Return the lines of the material below exactly, beginning with the line that has "Weight Lifting Pictogram" in it and finishing with the line that has "Green Cardigan Reverse has a Star" in it. Leave all pictures aside.

→ **STORED DATA**:
##########

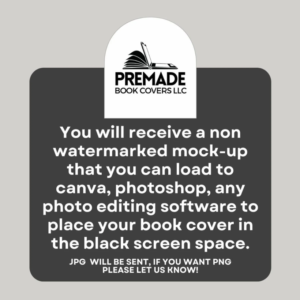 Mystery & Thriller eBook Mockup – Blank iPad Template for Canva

##########

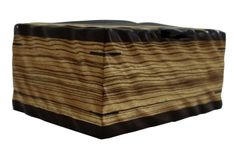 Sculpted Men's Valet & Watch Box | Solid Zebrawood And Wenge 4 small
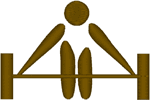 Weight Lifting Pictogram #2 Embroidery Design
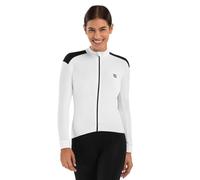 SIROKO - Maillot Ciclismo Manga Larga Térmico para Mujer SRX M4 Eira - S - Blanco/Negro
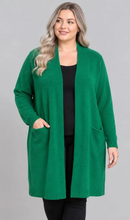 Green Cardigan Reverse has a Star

##########

→ **WORKED SOLUTION**:
 Weight Lifting Pictogram #2 Embroidery Design
 SIROKO - Maillot Ciclismo Manga Larga Térmico para Mujer SRX M4 Eira - S - Blanco/Negro
 Green Cardigan Reverse has a Star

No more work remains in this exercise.